Below, we write some code that describes the probability of having at least one match (at least two people with the same birthday). The function `pmatches` takes a group size (a non-negative integer) and returns the desired probability (a real number btween zero and one).

In [1]:
%matplotlib inline
import numpy as np

# the following function pmatches takes a number of people and returns the probability of having at least two matches
def pmatches(N):
    return 1-np.prod(np.arange(365,365-N,-1,dtype=float))/365**N # this is 1 minus the probability of having no matches

At present there are 42 students (plus an Eric) in this section of STAT 515. 

In [2]:
pmatches(42+1)

0.9239228556561199

That line above gives the probability of having two matches in this section of STAT 515!!

Remember that the probability is telling us something about the frequency with which the event 'at least two matches in a group of size 41' occurs. Although the probability is high (close to 1), *it is not a guarantee*. That is, if Eric teaches Stat 515 from now until the end of time (with the same sized class), there will be two matches about 90% of the time. While it is highly likely that two people in your Stat 515 class today have the same birthday, we won't know until we take a little poll (and look at a statistic). 

### [Please enter your birthday as MM/DD.](https://www.menti.com/d2a755) [menti poll]

Below is a plot of the probability of having at least one match (i.e. two people with the same birthday) versus the number of people in the group.

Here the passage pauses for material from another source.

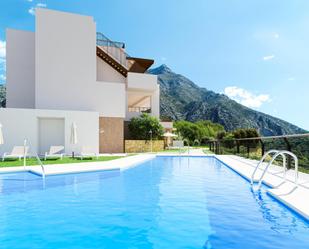 Apartament en venda a Istán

I've also plotted the probability of having no matches for comparison.

In [3]:
import plotly.plotly as py
import plotly.graph_objs as go
from plotly.offline import download_plotlyjs, init_notebook_mode, plot, iplot, offline
init_notebook_mode(connected=True)

In [4]:
N=75
numpeople = np.arange(0,N)
prob = np.array([pmatches(i) for i in range(0,N)]) 
prob_none = np.array([(1-pmatches(i)) for i in range(0,N)])

# Create a trace
trace = go.Scatter(
    x = numpeople,
    y = prob,
    name='≥ 1 match'
)
trace2 = go.Scatter(
    x = numpeople,
    y = prob_none,
    name='no matches'
)

data = [trace, trace2]
layout = go.Layout(
    title='Birthday problem',
    xaxis=dict(title='group size, in number of people'),
    yaxis=dict(title='probability'),
    showlegend=True
)

fig = go.Figure(data=data, layout=layout)
offline.iplot(fig, filename='birthday')

+ Use the plot above to find the smallest number of people for which the probability of having a match is at least 50%. 
+ Use the plot above to find the smallest number of people for which the probability of having a match is at least 75% and at least 25%.

*Hints*: `P(match in group of size 23) = 0.5073`, `P(match in group of size 15) = 0.2529`, `P(match in group of size 32) = 0.7533`.

*Answers*: `23`, `32`, `15`.

Hopefully this simple example has illustrateed that we need to learn some new mathematical tools if we want to reason quantitatively about uncertain events. Hopefully it has also illustrated that our intuitions can fool us.